According to the CDC:
“This guideline provides recommendations for primary care clinicians who are prescribing opioids for chronic pain outside of active cancer treatment, palliative care, and end-of-life care. The guideline addresses 1) when to initiate or continue opioids for chronic pain; 2) opioid selection, dosage, duration, follow-up, and discontinuation; and 3) assessing risk and addressing harms of opioid use.”
In the guidelines, three principles of the 12 recommendations were considered essential for patient care:
- For chronic pain outside of active cancer, palliative, and end-of-life care, nonopioid therapy is preferred.
- To reduce risks of opioid use disorder and overdose, the lowest possible effective dosage should be prescribed when opioids are used.
- Providers should always exercise caution when prescribing opioids and monitor all patients closely.
However, with opioids being a highly-discussed topic in the news—”How the Epidemic of Drug Overdose Deaths Ripples Across America,” “Massachusetts Governor Chokes up at Painkiller Bill Signing,” “The Opioid Epidemic Across the Supply Chain,” “Drug Overdose Deaths Hit ‘Alarming’ New Record in U.S., CDC Says,” etc.—many parties have come forward to voice their opinions and resulting actions.
There are also many parties who feel strongly that the CDC’s recommendations have fallen short.
“The Alliance for Balanced Pain Management agrees that primary care doctors prescribing opioids should proceed cautiously and discuss all possible risks with patients. But when the CDC suggests the exact number of days and the precise dosing limit, the agency may be inserting itself too far, interfering with physician care of patients who live day to day with serious pain,” said Brian Kennedy, Alliance for Balanced Pain Management (AfBPM) Steering Committee Member. “These guidelines mark a milestone in the national conversation about how we treat pain, both chronic and acute.”
Cindy Steinberg, National Director of Policy and Advocacy for the U.S. Pain Foundation, a patient advocacy group which receives funding from opioid manufacturers, said she’s worried the guidelines may negatively impact patients suffering with severe pain. “I am concerned that if these guidelines go forward as they are now written, they will lead to further restrictions on access to opioids for people with unremitting pain who truly need them and take them responsibly,” she said.

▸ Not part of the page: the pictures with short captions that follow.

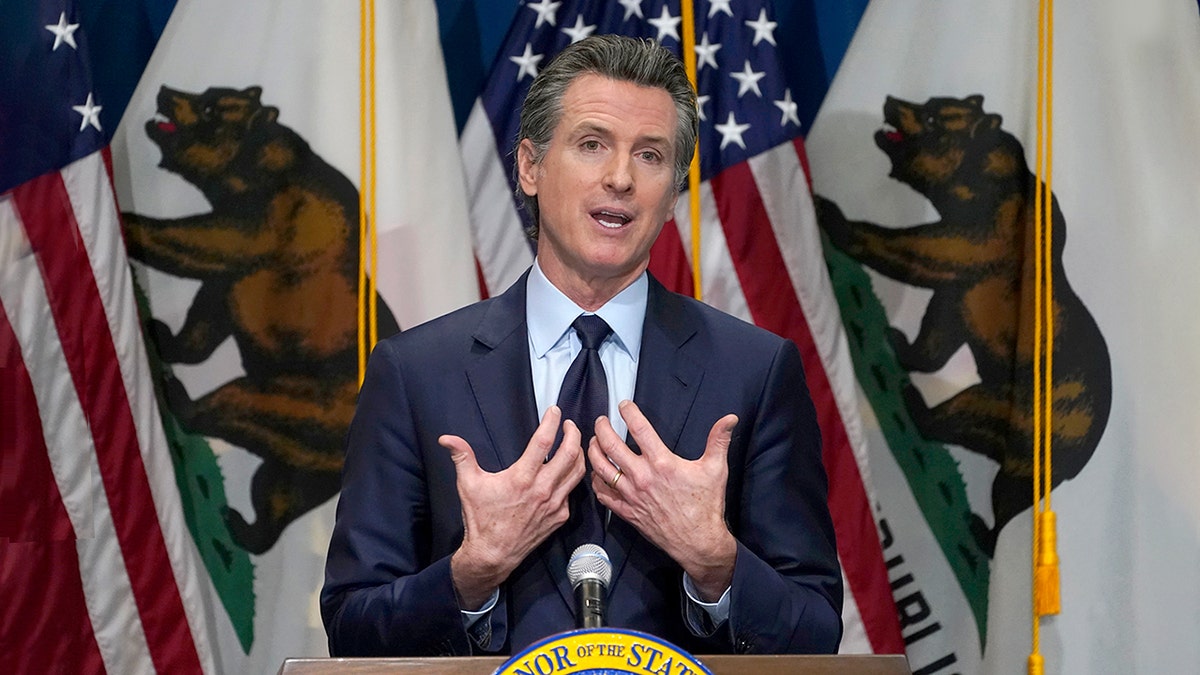 'Recall Gavin Newsom’ Leader On Signature Campaign Hitting Threshold ...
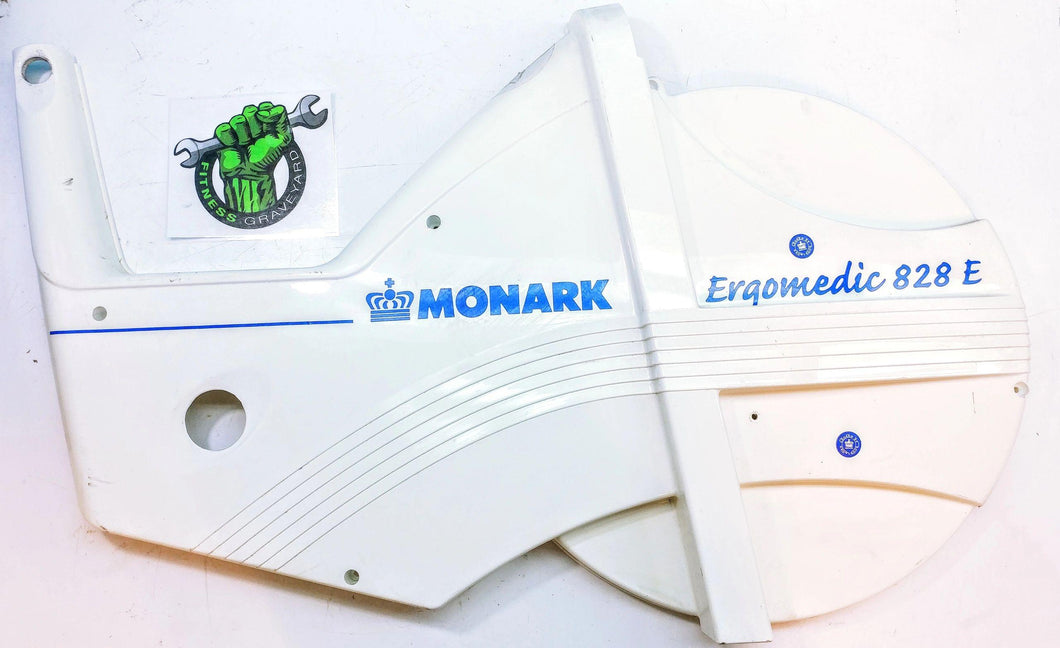 Monark 828E Right Frame Cover USED REF# SMW11201911BD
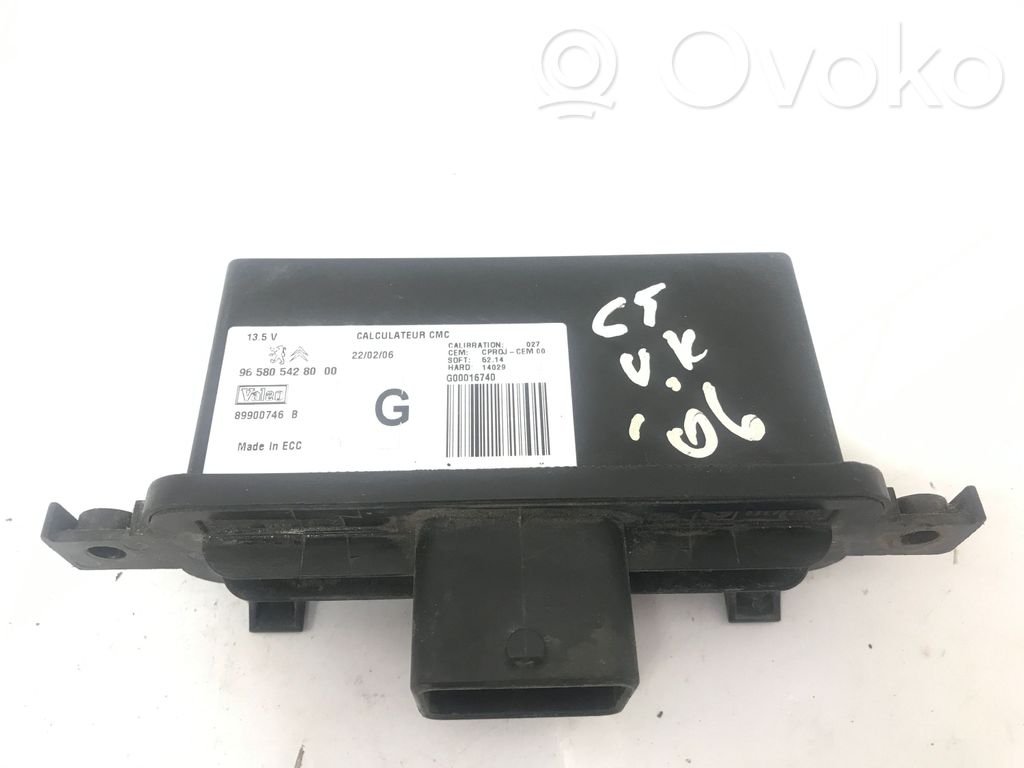 Citroen C5 Light module LCM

“It’s a game-changer,” said Andrew Kolodny, the Director of Physicians for Responsible Opioid Prescribing and the Chief Medical Officer of Phoenix House, a nonprofit drug rehabilitation organization. “It’s the first time that the federal government is clearly communicating to the medical community that opioids are not appropriate for long term use, that the risks outweigh the benefits.”
According to once source:
“Some groups voiced considerable opposition to the [opioid] guidelines at a meeting last December of the Interagency Pain Research Coordinating Committee. However, the meeting itself became controversial because some of the groups also receive financial support from drug makers that sell opioid painkillers.”